Wild Day at South Georgia Island
Silversea Explorer anchored at South Georgia Island |
First—Happy Thanksgiving.
We had a turkey dinner on board tonight with a couple of other Americans
plus a man from New Zealand and one from Ireland. Very enjoyable, but I miss cooking
Thanksgiving dinner for family and friends.
Sometime early yesterday morning, we
crossed the “Antarctic Convergence”, the area of the ocean that marks the end
of the South Atlantic and the beginning of the Southern Ocean. The crew takes the water temperature every fifteen
minutes and knows when we make that crossing because the water temperature drops about 10 degrees. The weather also changes dramatically, so we
went from sun and light winds to fog and heavy winds, with lots of big swells. I continue to be grateful for my seasickness
patches. Don is now surviving on Dramamine
quite happily.
Thousands of penguins on Salisbury Plain, South Georgia Island |
When we rounded the east end of
South Georgia Island early this morning, it was still relatively calm with winds
of 20 knots, and foggy. Our crew decided
to attempt landings on a beach called the Salisbury Plain, literally covered
with king penguins and both fur and elephant seals. Today, there were somewhere around 150,000
penguins and thousands of seals on the beach and up into the rock falls of the
mountains. An amazing sight.
The surf was OK when the first
groups landed (you can only have 100 people at any one time on South Georgia
and the Antarctic Peninsula, so we, being 120 people on board, went in 2 groups). By the time the first group returned to the
ship, the sea was getting pretty heavy and everyone was soaked as they got out
through the surf and hit large waves on their way back to the ship on the
Zodiacs.
When our turn came to leave the ship
in the Zodiacs, the conditions were marginal, which meant that big swells
battered the ship and we had to jump onto the Zodiacs between swells. The crew is incredible in their handling of
these very stable boats in high waves.
We landed on the beach, with some of the crew snagging our Zodiacs and
dragging us through the surf, about 4 feet high at that point. The crew members were in wet suits and soaked
and cold since the temperature was about freezing with, by then, a 35 knot wind
(the maximum for operations on shore).
Penguin injured by seal |
We wandered through the huge crowds
of penguins and seals, seeing thousands of incubating pairs, a number of
newborn baby seals, and some badly injured penguins who had narrowly escaped a
foraging seal that had snatched a chunk of their blubber. After about 45 minutes, it was clear that we
couldn’t return to the ship the way we had come, so we gathered all the
survival gear that always comes ashore and headed off over the beach and
tussock grass to a calmer landing site, about 1 ½ miles away in a small
cove. We loved the walk, but the male
seals were very unimpressed with us and growled, howled and charged us to get
us out of their territory.
Meanwhile, the ship moved from its
anchorage to the bay we were headed to, where we would have a better chance of
boarding the Zodiacs and the ship.
Finally, we accomplished both, thoroughly soaked, but so happy to have
had the opportunity to wander among these gorgeous animals.

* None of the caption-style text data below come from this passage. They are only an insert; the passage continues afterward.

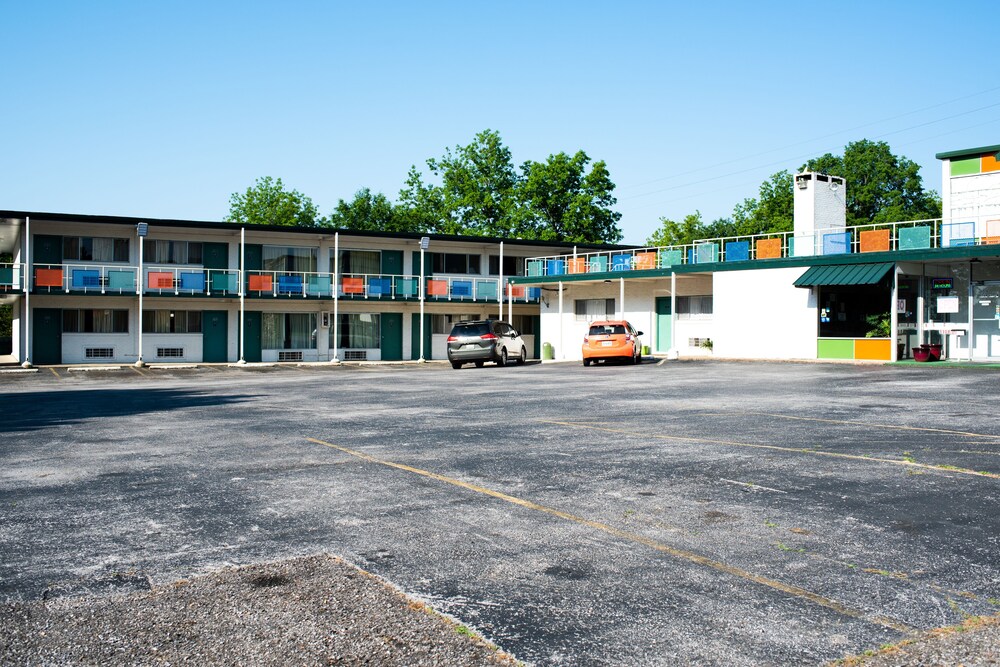 Hamilton Holiday Motel in Hamilton, United States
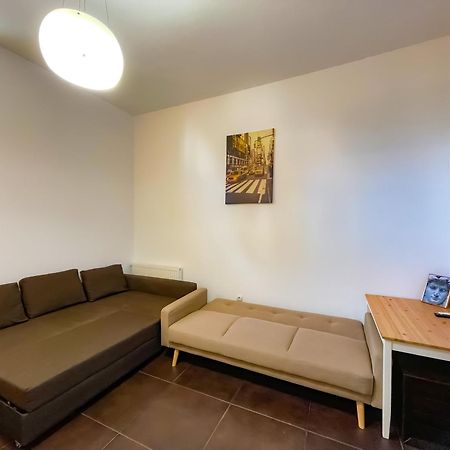 شقة Cool Flat In The Heart Of Bucharest'S Fun And History المظهر الخارجي الصورة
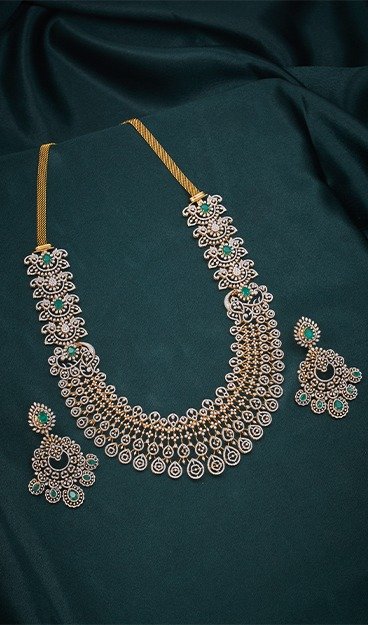 Necklace set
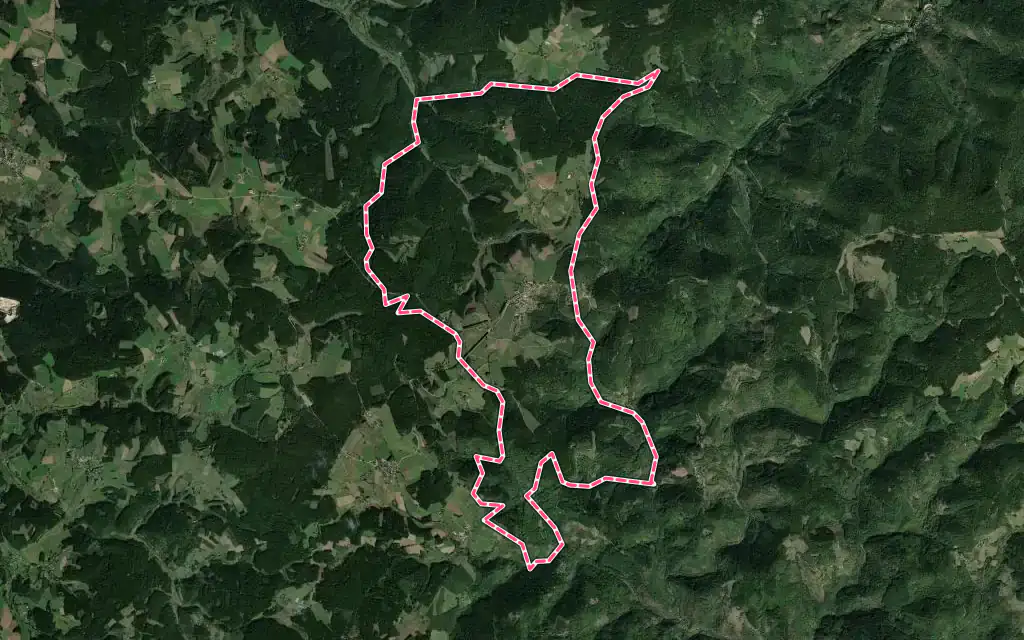 Vue satellite de Saint-Bonnet-le-Froid avec ses contours administratifs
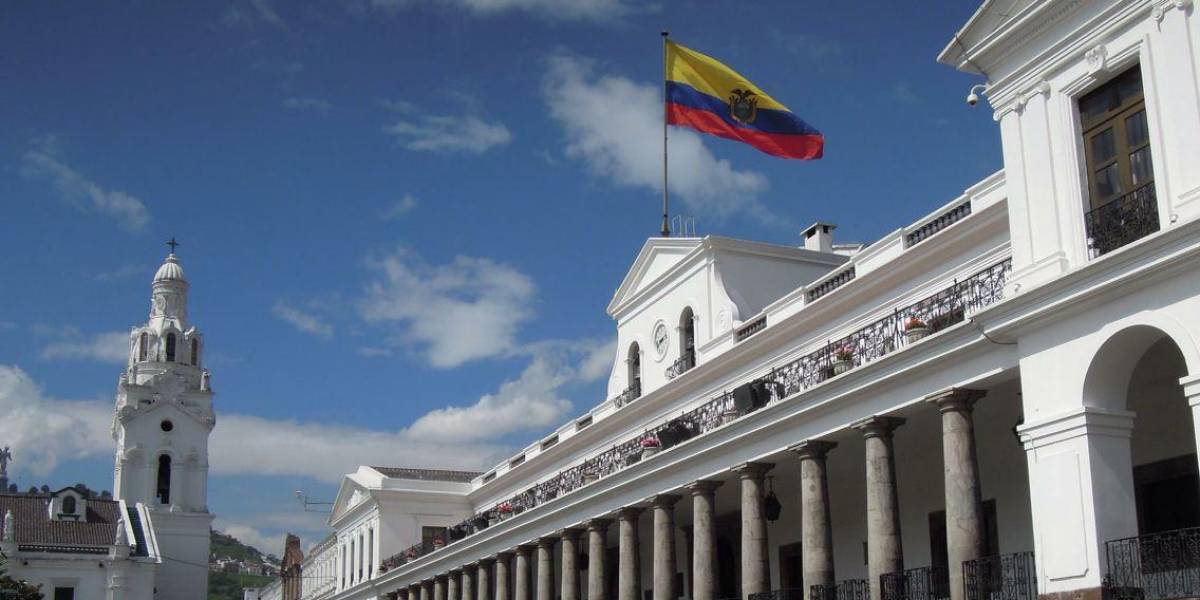 Exgobernantes de España y Latinoamérica abogan por la defensa de la democracia en Ecuador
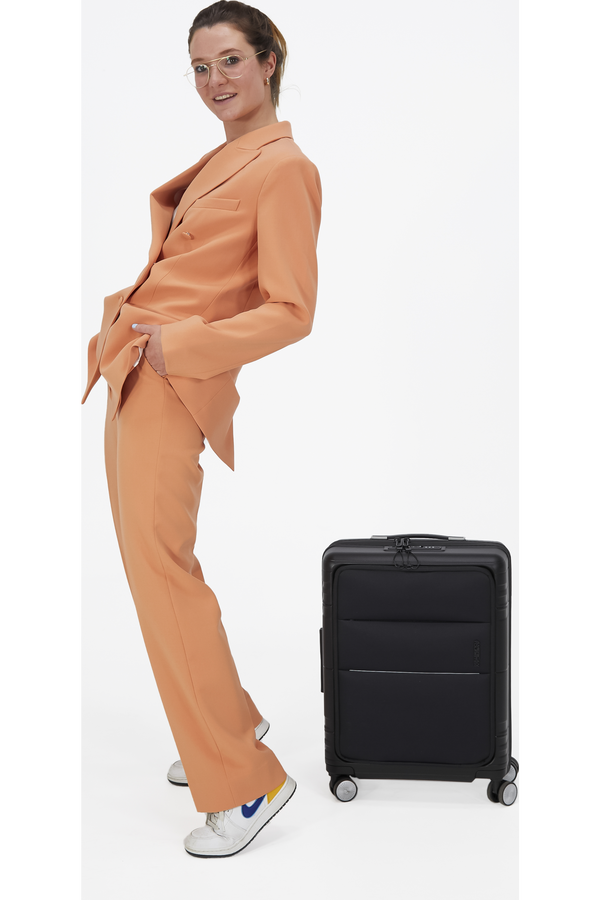 American Tourister Hello Cabin Spinner TSA 55cm  Onyx Black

As soon as we headed out to sea to
move to our next destination, the swells rose to about 27 feet, according to
the crew, who measure them constantly.
That meant that the ship was pitching and rolling to a remarkable
degree. We were eating lunch while the
plates, glasses, liquids and food slid from one of the table to the other and
often onto the floor. The waiters
wrapped saran around their serving stations to keep all the plates, glasses and
utensils from flying onto the floor. Back
in our cabin, there were waves crashing on our windows, and we’re on the 4th
deck. Quite exciting.
By late afternoon, we had moved to a
protected bay where one of South Georgia’s old whaling stations had been
located. The buildings are still there,
though in ruined state. This is where
Ernest Shackleton and his companions arrived after a horrific crossing of the
mountains in blizzard conditions, not knowing where they were or being able to
see where they were going. At one point,
Shackleton heard the whistle announcing lunch for the workers and headed in
that direction, down a precipitous waterfall and ice face into a flat valley
and on to the whaling station, from which he rescued his crew whom he’d left on Elephant Island.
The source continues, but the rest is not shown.